His name was Duck, but unlike ducks, he hated water. That’s probably because he was actually a dog. A rescue dog to be precise. Half Pug, half Chihuahua, my sister found him hovering in the corner of a shelter deep in the heart of the San Fernando Valley, snarling at her, as if begging her not to adopt him. She took him home anyway, ready for motherhood. The rescue people said he was two-and-a half-tops, but we knew they were lying. He was at least five. Whatever his age, the only thing she knew for certain was that he came with a lot of baggage.
For starters he hated men. He barked at the postman, the deliveryman, a boy that was a friend, anything with testicles. And he wouldn’t stop barking until every last male chromosome was out of his domain. The only thing he loathed more than men was water. If there was so much as a drop of rain in the air he refused to step outside. He’d get down low and use all of his weight not to move an inch. Once I accidentally sneezed and he mistook it for a light mist and sprinted back inside the house.
That’s the thing about shelter dogs, you never know what mysteries lurk in their past. We made up stories about where he came from. I was convinced he only understood Spanish and was picked up in a section of Los Angeles known for its high concentration of gangs. Duck was probably left outside in the rain after his last owner, a female gang leader with a tear drop tattoo below her eyelid, was shot by a rival gang member who was obviously a man. I had other versions of what happened to him, and so did my sister, but this was the one I comfortably settled on. It just made the most sense. Still, we were desperate to know Duck’s backstory.
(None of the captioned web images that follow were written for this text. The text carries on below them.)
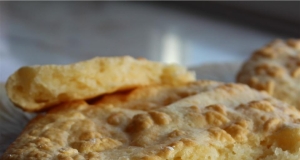 Gluten-Free Cheesy Ciabatta Rolls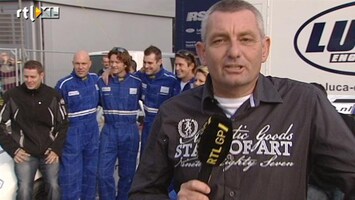 RTL GP: Dakar Pre-proloog BN'er-race RTL GP: Dakar Pre-proloog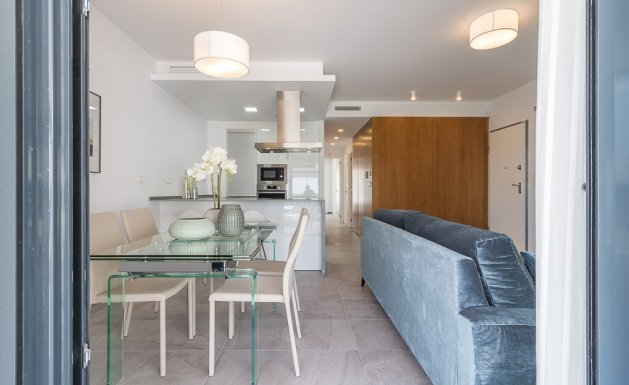 New Build - high-bungalow - Torrevieja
A few weeks later while lying in bed watching trashy reality television, a sister tradition, an episode came on featuring a D-list celebrity with a depressed dog that had separation anxiety. The celebrity hired a pet psychic to understand what happened to poor Sugar Pie. Bingo! That’s it! My sister needed to hire a pet psychic! Not just any pet psychic - this pet psychic, who, after a quick Google search, we discovered lived near my sister’s home in Los Angeles. Unfortunately, my sister was not as bowled over by my plan. “A pet psychic? Seriously? I don’t think so.” But I wasn’t about to give up, so after some thorough convincing (I was head of the debate team in 7th grade), she finally consented.
Three days later, Tanya, with her soft eighties perm parted to the side with the help of hairspray, arrived looking like she just came from a jazzercise class. Despite her petite frame and small features, she spoke with a commanding voice. If she had told me to sit, I would have dropped to the floor. After introductions and niceties were over, Tanya asked for some private time alone with Duck. Taking a few of Duck’s favorite toys, they escaped into my sister’s bedroom.
With ears planted firmly against the door, we couldn’t hear a thing. Annoyed, we gave up and headed back to the living room. Then the panic hit. What did I convince my sister to do? We let a complete stranger with a perm into the house and left her alone in a bedroom with cash and jewelry. What were we thinking?
Fifteen minutes later, Tanya emerged, smiling. The first thing out of her mouth was, “Which one of you is the writer?” My sister looked at me. “That would be me,” I said. “Oh! Duck loves your writing. He just thinks you’re so funny! Tell me, who wears the red sandals?” I had been living in a red pair of espadrilles, a final purchase from my favorite New York City shoe store Tootsi Plohound before they went out of business. I wasn’t wearing them that day in case you’re wondering. “He thinks they are so much fun. It makes him beyond happy when you wear them.”
My sister was starting to show her annoyance. This was her session. Her money. Duck was her baby. She gave him a home filled with boundless love, endless treats and an overbrimming basket of plush toys. “What about me? What did he say about me?” Tanya looked blankly at my sister. She had nothing. After a long pause she said, “Do you drive a silver Volvo? He loves the way the soft leather feels on his paws. He says it’s really comfortable.” I was the one that owned the silver Volvo. “Do you know what happened to him?!” I shouted, way too loudly, hoping to change the subject, but also genuinely wanting to know the answer.
It turned out I was completely wrong. Duck was not part of a gang, he didn’t understand Spanish and it wasn’t raining when his previous owner was shot in front of him. According to Tanya, Duck lived with a family in the Valley with a strong male figure who never wanted a dog. The man refused to let Duck inside the house and whenever he was angry or bored, he would turn the hose on and point the nozzle at Duck, pinning him against the wall in fear.
$150 later we had the answer to our $64,000 question. My sister and I never spoke about the pet psychic again, but each time I glance at the red espadrilles that sit in the bottom of my closet, I can’t help but think, “They are fun.”